SCEC Award Number 18059 View PDF
Proposal Category Collaborative Proposal (Integration and Theory)
Proposal Title Atmosphere Processes Coupling to the Solid Earth: Quantification of Seismic Signals Emerging from Weather Related Events
Name Organization
Frank Vernon University of California, San Diego Yehuda Ben-Zion University of Southern California
Other Participants Chris Johnson
Lei Qin - Graduate student
SCEC Priorities 3g, 3a, 5e SCEC Groups Seismology, GM
Report Due Date 03/15/2019 Date Report Submitted 03/14/2019
Project Abstract
Analysis of continuous seismic waveforms recorded by a temporary deployment at Sage Brush Flats on the San Jacinto fault zone reveal earthquake- and tremor-like signals generated by the interac-tion of wind with obstacles above the surface. Tremor-like waveforms are present at the site during wind velocities above 2 m/s, which occur for 70% of the deployment duration. The wind-related sig-nals produce ground velocities that exceed the average ground motions of M1.0-1.5 earthquakes for 6% of the day. Waveform spectra show a modulation of the amplitude that correlates with the wind velocity and distance from local structures shaken by the wind. The earthquake-like signals are present within the tremor-like waveforms as impulsive bursts. Earthquake-like signals are found to originate from the vegetation and local structures, and are modified on length scales of 10’s of me-ters. Transient signals originating beyond the study area are also observed with amplitudes greater than some microseismic events. The ground motions generated by the wind contribute to local high-frequency seismic noise that is different than the global ambient noise. During elevated wind condi-tions a borehole seismometer at a depth of 148 m shows increased energy in the 1-8 Hz band that is commonly used for earthquake and tremor detection. Some of the wind-related signals recorded by the borehole sensor may be associated with small failures of the subsurface material. The wind-related earthquake- and tremor-like signals should be accounted for in earthquake detection algo-rithms due to the similar features in both the time and frequency domain.

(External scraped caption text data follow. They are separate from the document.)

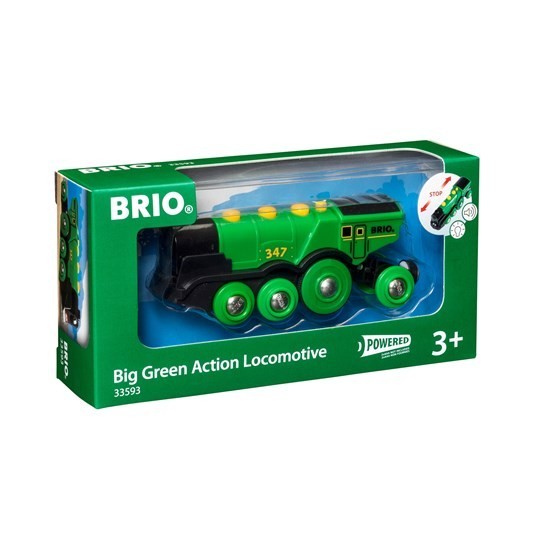 

Движущийся локомотив BRIO 33593 для деревянной железной дороги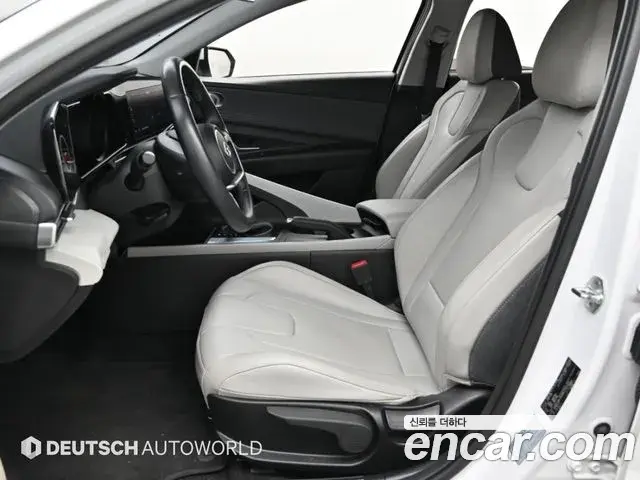 Hyundai Avante 2021 — Фото 9/20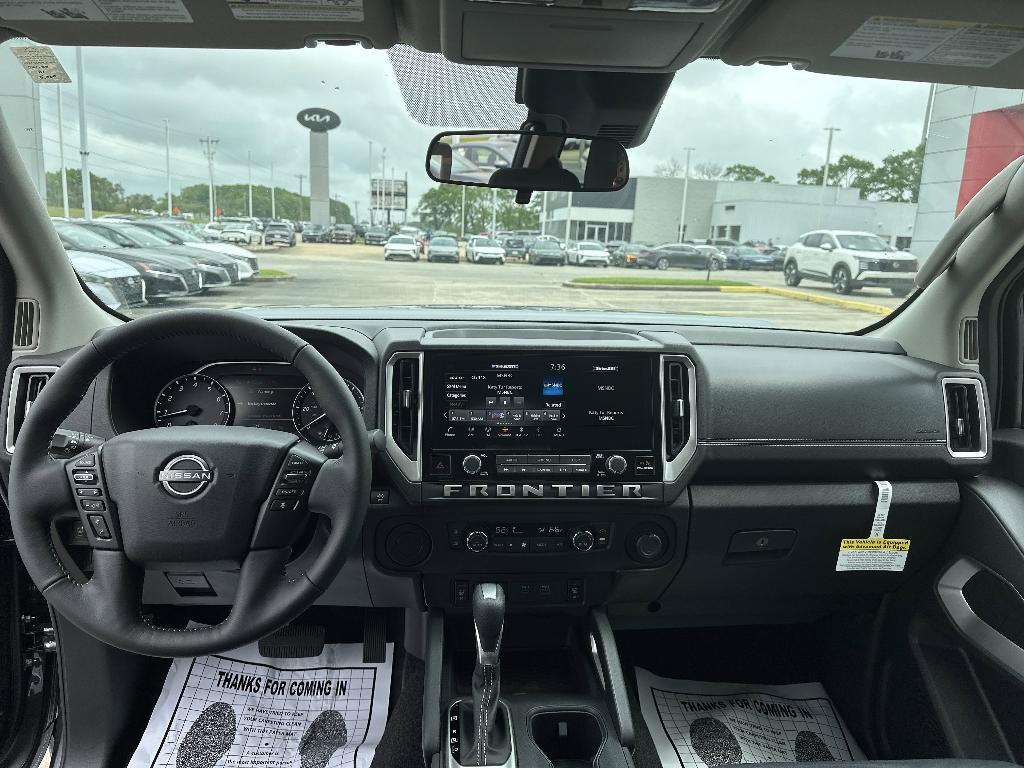 new 2025 Nissan Frontier car, priced at $33,175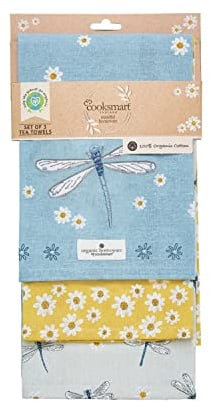 English Meadow Geschirrtücher, 3 Stück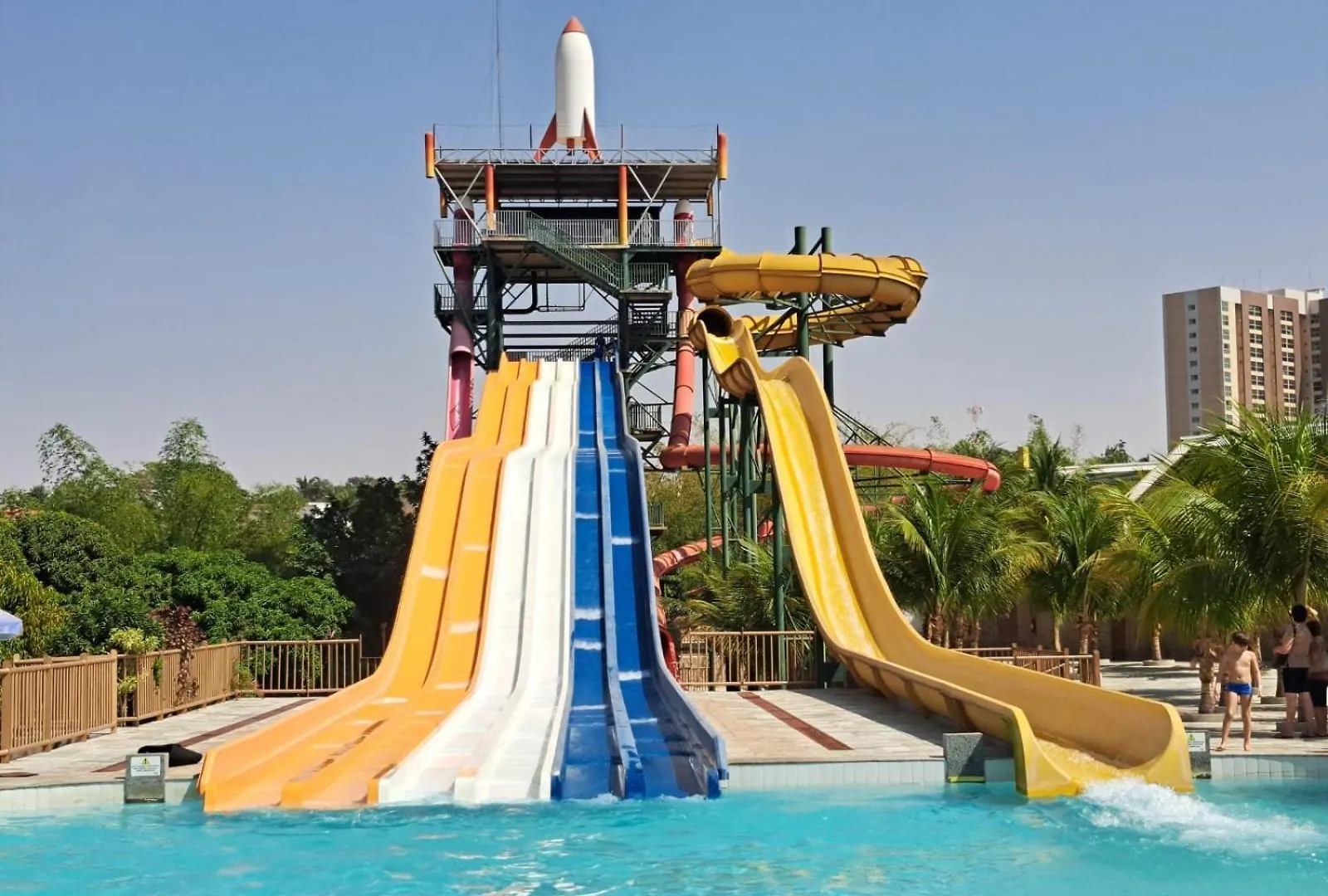 *****  Piazza Diroma Hotel - Acqua Park E Splash Caldas Novas Brazylia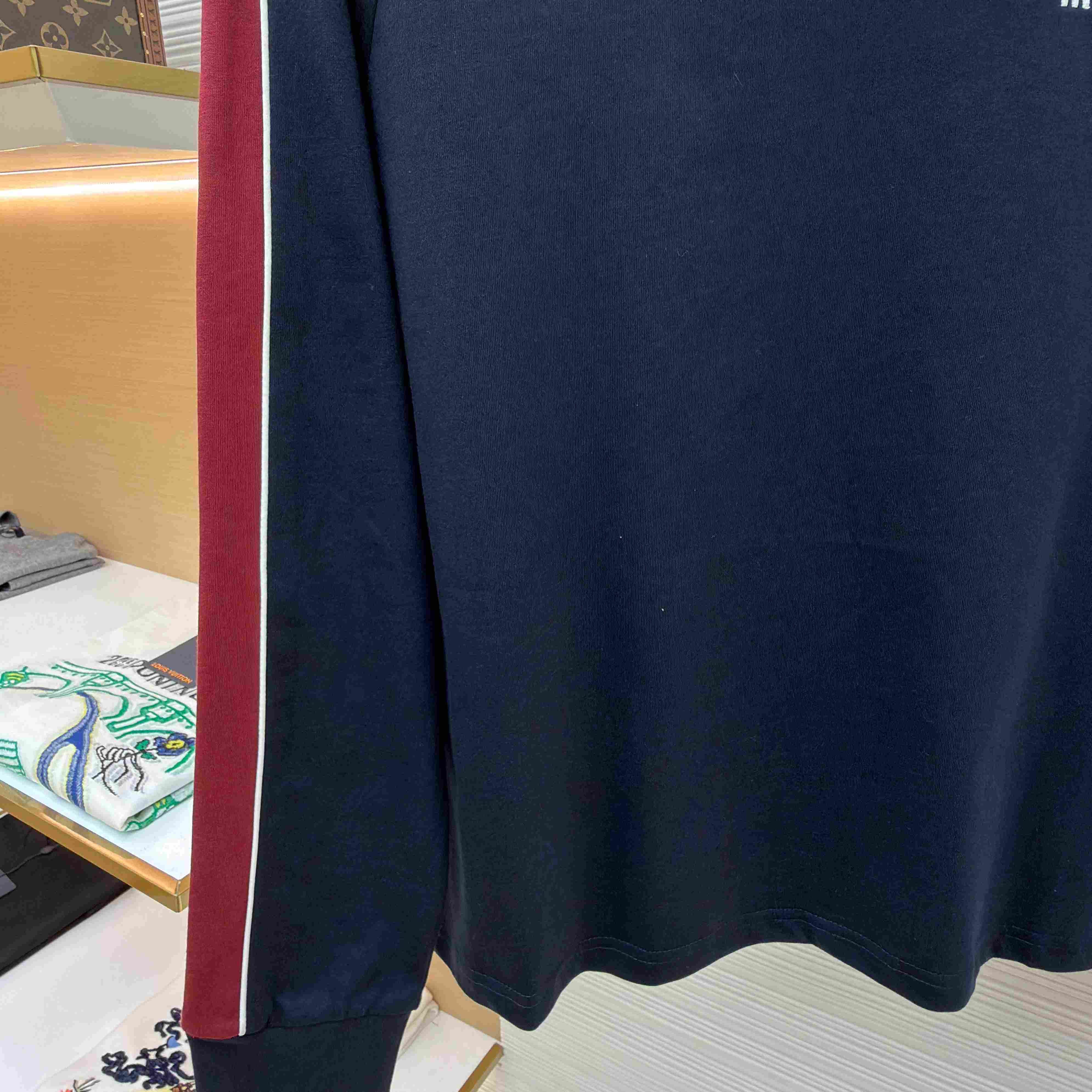 Miu Miu Long-sleeve Cotton Jersey T-shirt - FashionPlug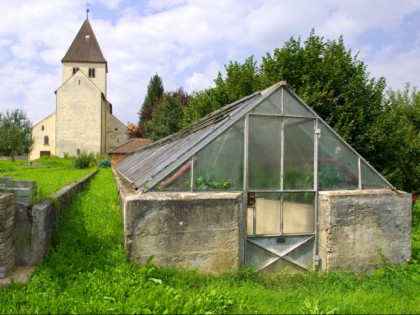 Foto: architektonische monumente, St. Georg Kirche, Baden-Württemberg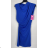 Women's Elegant Sleeveless Dress (S/M ONE SIZE) ITALIAN FASHION IMPBB24B24658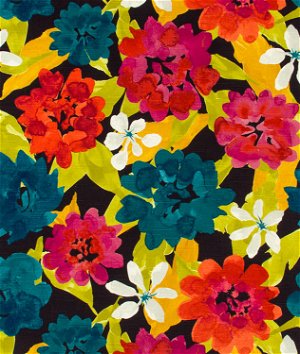 Robert Allen @ Home Lush Floral Berry Fabric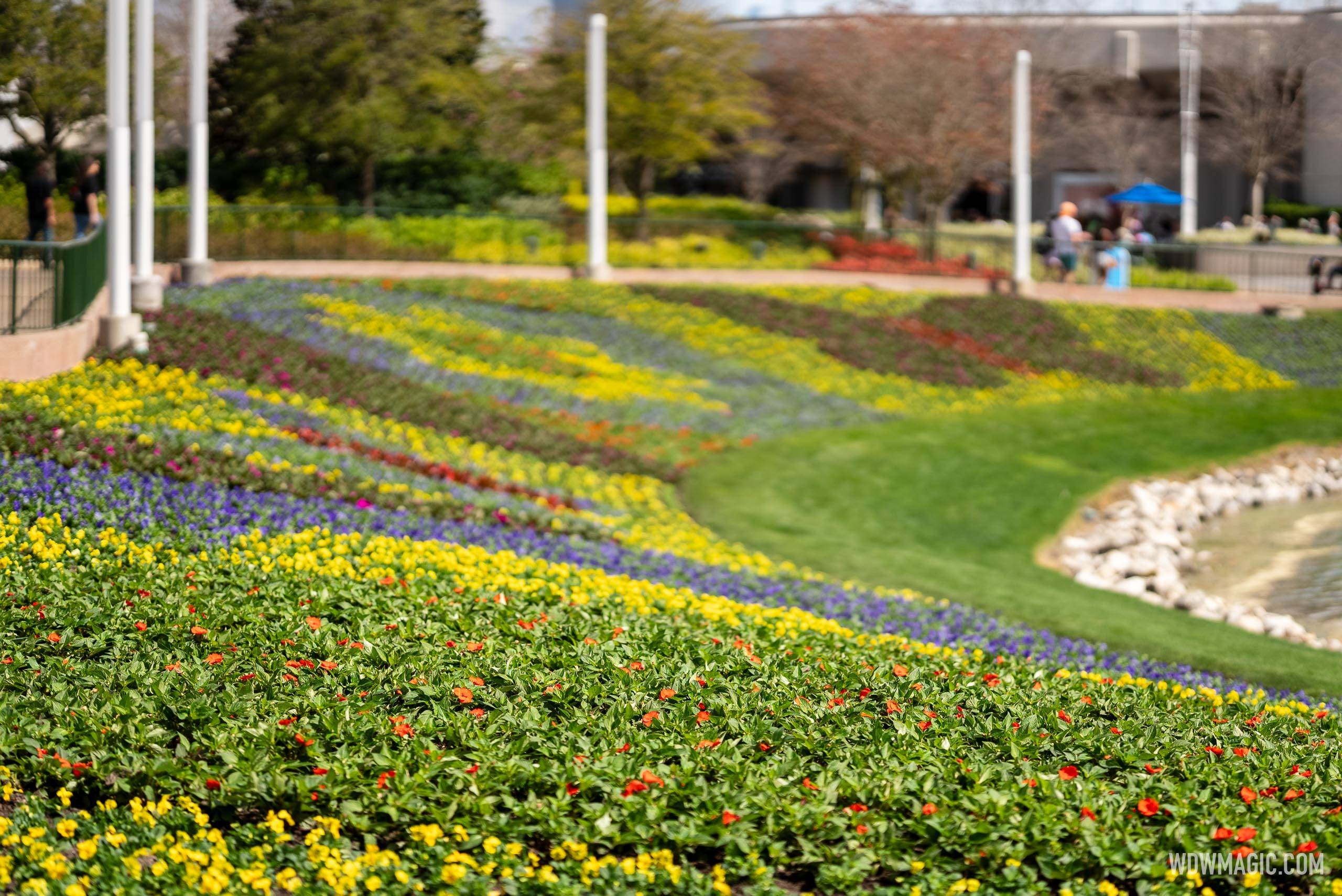 2025 EPCOT International Flower and Garden Festival Topiaries and Gardens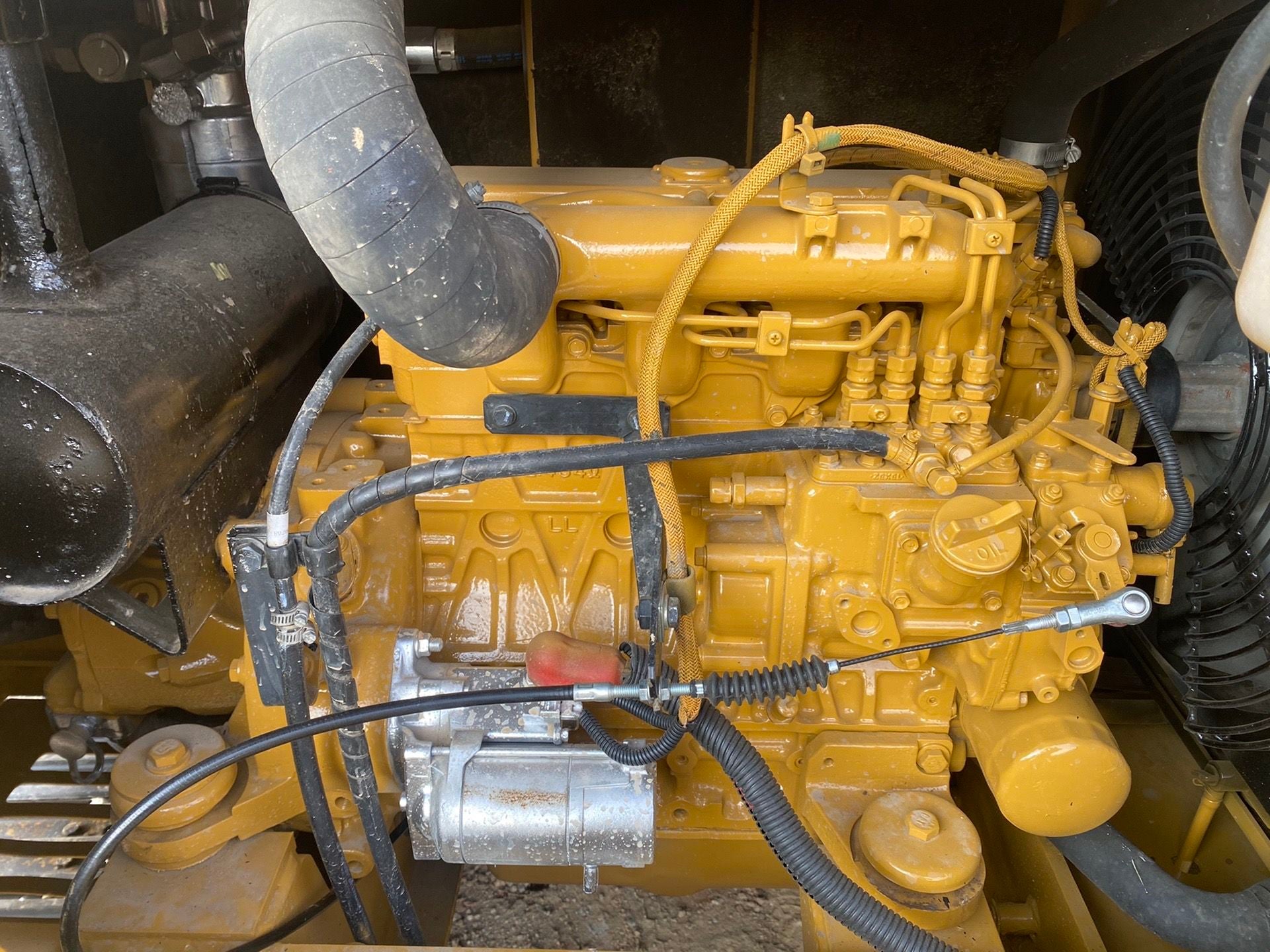 Used Caterpillar 305.5E2 Excavator for Sale front view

Intellectual Merit We address the SCEC5 Research Priorities by characterizing common signals in seismic waveforms emerging from atmosphere coupling to the solid Earth. While atmospheric coupling is not explicitly stated, the proposed project investigates seismic signals coupling to the shallowest portion of the crust and will improve the interpretation of signals extracted from data sets that are used to image structures and seismic sources. The research on non-tectonic signals observed in the data that could be misinterpreted as tremor or overlooked at station noise will contribute directly to research priorities of the seismology disciplinary group.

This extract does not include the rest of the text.